Carter injected race into Obama’s struggle for a healthcare overhaul after South Carolina Republican Representative Joe Wilson shouted “You lie” at Obama during a healthcare speech in Congress last week and thousands of conservatives rallied opposition to Obama at demonstrations in Washington.
“I think an overwhelming portion of the intensely demonstrated animosity toward President Barack Obama is based on the fact that he is a black man,” Carter told NBC News.
He said this “racism inclination still exists. And I think it’s bubbled up to the surface because of the belief among many white people, not just in the South but around the country, that African-Americans are not qualified to lead this great country. It’s an abominable circumstance, and it grieves me and concerns me very deeply.”
Carter’s remark drew the condemnation of Michael Steele, the first African-American to become chairman of the Republican National Committee.
“President Carter is flat out wrong. This isn’t about race.
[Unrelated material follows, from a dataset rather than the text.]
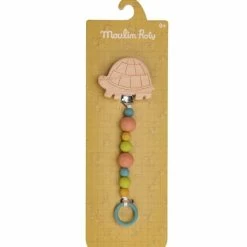 Attache Tétine Tortue En Bois Et Silicone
It is about policy,” he said in a statement. “This is a pathetic distraction by Democrats to shift attention away from the president’s wildly unpopular government-run healthcare plan that the American people simply oppose.”
Obama, America’s first black president, was steering clear of the issue, weeks after he injected himself into a debate about race in Massachusetts after black Harvard professor Henry Louis Gates was arrested at his own home on suspicion of breaking into it.
After Obama created an uproar by saying that Cambridge, Massachusetts, police had acted stupidly in the case, he later expressed regret for the tone of his remarks and had the professor and police officer to the White House for a beer in what was dubbed a “beer summit.”
Gibbs said the uproar among Obama’s opponents was more likely a reaction to some of the decisions Obama had made to help the US economy, such as bank and auto bailouts.
“We understand that people have disagreements with some of the decisions that we’ve made,” he said.